▶ _Extracted data_
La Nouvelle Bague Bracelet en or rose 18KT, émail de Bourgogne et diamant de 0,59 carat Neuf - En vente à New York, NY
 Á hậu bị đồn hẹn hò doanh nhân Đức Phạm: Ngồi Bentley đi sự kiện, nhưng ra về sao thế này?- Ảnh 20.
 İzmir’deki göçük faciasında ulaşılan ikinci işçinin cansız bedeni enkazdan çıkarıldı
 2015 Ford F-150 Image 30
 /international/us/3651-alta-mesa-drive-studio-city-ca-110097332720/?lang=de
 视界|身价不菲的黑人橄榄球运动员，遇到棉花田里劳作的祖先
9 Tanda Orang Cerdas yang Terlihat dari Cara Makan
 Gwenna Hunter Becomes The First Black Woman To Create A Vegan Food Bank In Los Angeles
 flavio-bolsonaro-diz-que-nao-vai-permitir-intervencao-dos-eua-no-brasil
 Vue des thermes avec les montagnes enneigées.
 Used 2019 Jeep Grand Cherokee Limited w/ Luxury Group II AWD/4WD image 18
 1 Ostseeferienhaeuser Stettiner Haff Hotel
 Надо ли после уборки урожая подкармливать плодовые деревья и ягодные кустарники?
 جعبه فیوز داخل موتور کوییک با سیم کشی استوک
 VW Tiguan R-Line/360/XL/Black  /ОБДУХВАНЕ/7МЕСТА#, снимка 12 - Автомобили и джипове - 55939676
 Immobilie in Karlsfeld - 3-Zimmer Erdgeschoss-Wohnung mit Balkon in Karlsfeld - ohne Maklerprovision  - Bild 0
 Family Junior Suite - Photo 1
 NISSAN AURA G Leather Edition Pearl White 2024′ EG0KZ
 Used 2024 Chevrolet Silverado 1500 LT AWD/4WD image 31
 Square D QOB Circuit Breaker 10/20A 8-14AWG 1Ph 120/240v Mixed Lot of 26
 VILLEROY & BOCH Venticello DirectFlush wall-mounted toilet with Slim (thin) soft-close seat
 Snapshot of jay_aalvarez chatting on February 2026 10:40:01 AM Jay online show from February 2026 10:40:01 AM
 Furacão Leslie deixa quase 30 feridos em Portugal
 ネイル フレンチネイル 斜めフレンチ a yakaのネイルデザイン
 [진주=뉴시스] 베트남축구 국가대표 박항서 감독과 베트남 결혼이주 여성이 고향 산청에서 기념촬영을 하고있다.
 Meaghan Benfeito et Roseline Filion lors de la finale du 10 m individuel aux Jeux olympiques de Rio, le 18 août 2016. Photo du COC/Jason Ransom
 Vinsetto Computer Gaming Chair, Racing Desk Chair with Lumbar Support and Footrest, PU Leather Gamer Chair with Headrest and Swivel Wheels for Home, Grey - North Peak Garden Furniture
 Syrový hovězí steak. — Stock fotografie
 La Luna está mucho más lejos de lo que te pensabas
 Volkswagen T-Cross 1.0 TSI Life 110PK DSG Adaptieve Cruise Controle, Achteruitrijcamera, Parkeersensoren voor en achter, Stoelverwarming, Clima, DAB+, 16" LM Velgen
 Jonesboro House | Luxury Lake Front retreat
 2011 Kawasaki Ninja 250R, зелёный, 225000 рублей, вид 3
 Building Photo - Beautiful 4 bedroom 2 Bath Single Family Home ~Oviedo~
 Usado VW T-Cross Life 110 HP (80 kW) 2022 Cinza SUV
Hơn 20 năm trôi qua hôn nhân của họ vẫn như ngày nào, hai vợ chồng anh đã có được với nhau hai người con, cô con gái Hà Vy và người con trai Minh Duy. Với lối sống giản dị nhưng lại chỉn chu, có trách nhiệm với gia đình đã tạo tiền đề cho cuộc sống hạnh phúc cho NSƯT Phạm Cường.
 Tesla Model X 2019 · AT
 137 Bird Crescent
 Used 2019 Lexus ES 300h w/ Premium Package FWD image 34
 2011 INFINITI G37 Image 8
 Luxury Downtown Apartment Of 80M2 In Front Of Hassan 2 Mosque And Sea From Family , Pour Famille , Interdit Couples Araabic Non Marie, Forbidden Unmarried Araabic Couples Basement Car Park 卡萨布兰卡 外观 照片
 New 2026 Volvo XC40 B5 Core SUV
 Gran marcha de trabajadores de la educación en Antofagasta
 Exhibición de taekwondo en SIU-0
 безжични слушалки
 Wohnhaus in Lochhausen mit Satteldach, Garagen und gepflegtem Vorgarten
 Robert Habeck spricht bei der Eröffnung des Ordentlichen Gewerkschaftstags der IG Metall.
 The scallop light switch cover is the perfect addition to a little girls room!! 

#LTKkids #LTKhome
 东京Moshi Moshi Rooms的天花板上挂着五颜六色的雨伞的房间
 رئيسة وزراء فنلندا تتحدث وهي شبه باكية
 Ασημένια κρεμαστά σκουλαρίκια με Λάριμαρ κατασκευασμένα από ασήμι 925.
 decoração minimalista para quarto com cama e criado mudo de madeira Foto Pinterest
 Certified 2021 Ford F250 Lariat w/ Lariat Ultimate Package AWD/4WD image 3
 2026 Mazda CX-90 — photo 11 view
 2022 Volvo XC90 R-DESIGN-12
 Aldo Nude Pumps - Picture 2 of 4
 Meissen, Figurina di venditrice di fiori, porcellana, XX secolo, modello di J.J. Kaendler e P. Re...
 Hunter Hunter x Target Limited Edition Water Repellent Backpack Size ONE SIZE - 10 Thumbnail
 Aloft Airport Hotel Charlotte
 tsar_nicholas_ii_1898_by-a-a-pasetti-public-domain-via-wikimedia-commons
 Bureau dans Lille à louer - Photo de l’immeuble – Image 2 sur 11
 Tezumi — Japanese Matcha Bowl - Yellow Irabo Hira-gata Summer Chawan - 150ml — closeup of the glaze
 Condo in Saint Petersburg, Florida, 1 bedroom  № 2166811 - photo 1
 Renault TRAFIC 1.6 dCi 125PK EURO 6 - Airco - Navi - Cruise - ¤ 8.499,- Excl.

▶ _Work order_
Which lines in the data above hold the word "Ford"? Return each of them.

▶ _Answer to this exercise_
 2015 Ford F-150 Image 30
 Certified 2021 Ford F250 Lariat w/ Lariat Ultimate Package AWD/4WD image 3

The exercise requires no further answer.